Cascading-Hive is an integration between Apache Hive and Cascading. It currently has the following major features:
- running Hive queries within a Cascade
- reading from Hive tables within a Cascading Flow (including transactional tables)
- writing/creating Hive tables from a Cascading Flow
- writing/creating partitioned Hive tables from a Cascading Flow
- deconstructing a Hive view into Taps
- reading/writing taps from HCatalog
The demo
sub-directory contains applications that demonstrate those
features.
The code will pick up the configuration for a remote Hive MetaStore automatically, as long as it is present in your hive or hadoop configuration files.
Cascading-Hive works Hive 1.x, 2.x is not yet supported. When using the
cascading-hive in your project you have to specify the version of Hive you are
using as a runtime dependency yourself. This is done to avoid classpath issues
with the various Hadoop and Hive distributions in existence. See the demo
project for an example.
To install cascading-hive into your local maven repository do this:
> gradle install
Cascading-Hive is also available on http://conjars.org.
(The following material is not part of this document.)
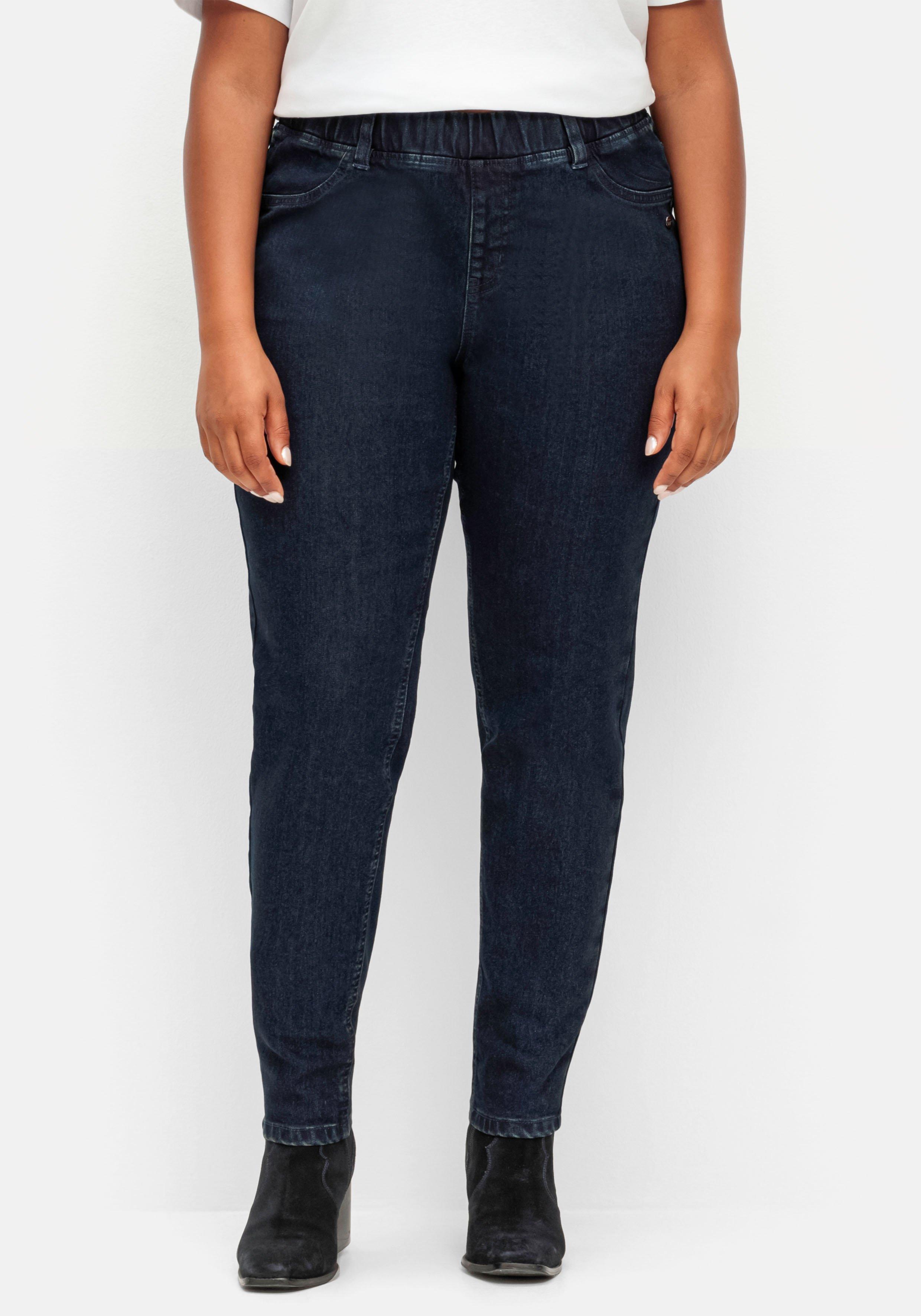 Skinny Thermojeans mit Schlupfbund, innen angeraut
Please note that the support for Hive views is currently limited since views
pretend to be a resource or a Tap
in Cascading terms, but are actually
computation. It is currently not possible to read from a Hive View within a
Cascading Flow. To work around this, you can create a table in Hive instead, and
read from that within your Cascading Flow. This restriction might change in the
future.
Also note that it is not yet possible to write to transactional tables and that
the HiveTap
will prevent any attempt to do so.
Using HCatTap
to sink data to a Blob Storage service may lead to issues that
can be hard to deal with due to Blob Storage not being a real file system. If
you are planning to do so, use it at your own risk.
Users encountered various issues when using HCatTap
to sync tables in S3 but
there is a known workaround (tested on EMR 4.7.0):
mapred.output.direct.EmrFileSystem = false
mapred.output.direct.NativeS3FileSystem = false
These settings are required in order be able to commit dynamic partitions. This also
implies that direct commits in EMR will be disabled and the job may take longer during
the commit phase of tasks and jobs since the underlying FileSystem
will have to copy
the files to their final locations and delete the temporary copies. Depending on your use
case this waiting time and relying on eventually consistent data may or may not be an
issue.
Note that even though direct commits won't be available, EMR consistent views can still be used.
Finally note that Hive relies on the hadoop
command being present in your
PATH
when it executes the queries on the Hadoop cluster.